Note: This is a daily stock update and the information stands true as of 03/11/25, 09:00 CET.
Company Update:
Orange will pay €4.25bn to buy the 50% stake it didn't own in Mas Orange (owned by KKR, Cinven and Providence) and will consolidate the company in its financial statements. The price paid is below the €5bn requested by the funds and stands around 6.5x EV/EBITDA. Orange expects the deal will generate €500m of synergies (ow 300m were already generated in 2025) and the group will consolidate €9.5bn in additional debt while Mas Orange generate €7.5bn in sales and c 2.5bn in EBITDA.
Expert Opinion:
This is good news. While the move was expected (it had been announced a couple of quarters ago), the price paid is a good surprise. We still like the telecom sector and especially Orange.

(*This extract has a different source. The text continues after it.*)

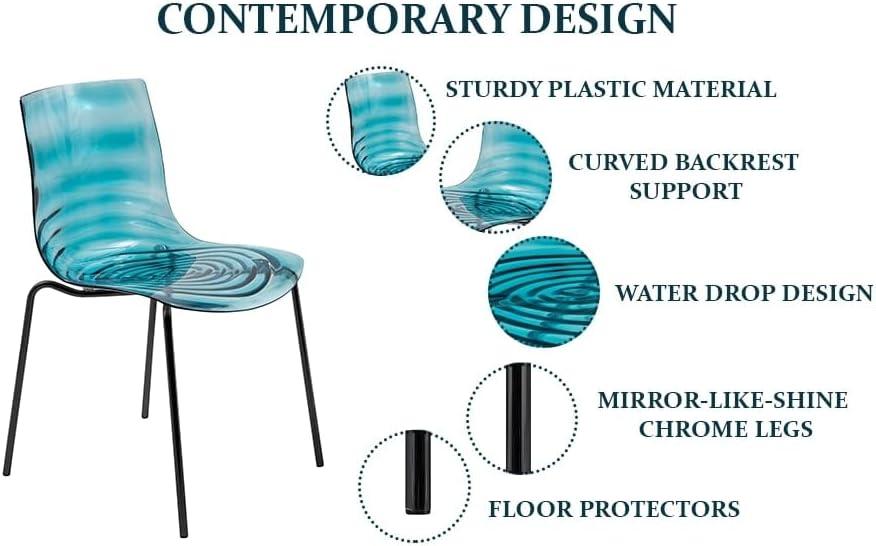 LeisureMod Astor Acrylic Dining Chair with Water Ripple Design and Metal Legs in Transparent Blue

Very much like Orange France, Mas Movil's capex plan has peaked and EBITDA will gradually outgrow capex significantly. This will enable Orange to gradually return more cash to shareholders. Furthermore, the consolidation in Spain could continue with the potential bid by Telefonica on Vodafone Spain. Despite its French exposure, Orange is still an attractive asset that trades on a PE 25 and 26 of 12.3x and 11.2x with a dividend yield of c 5.7%. Our expert still likes Vodafone better (slightly cheaper and better EPS growth) but Orange offers an attractive defensive profile in the sector.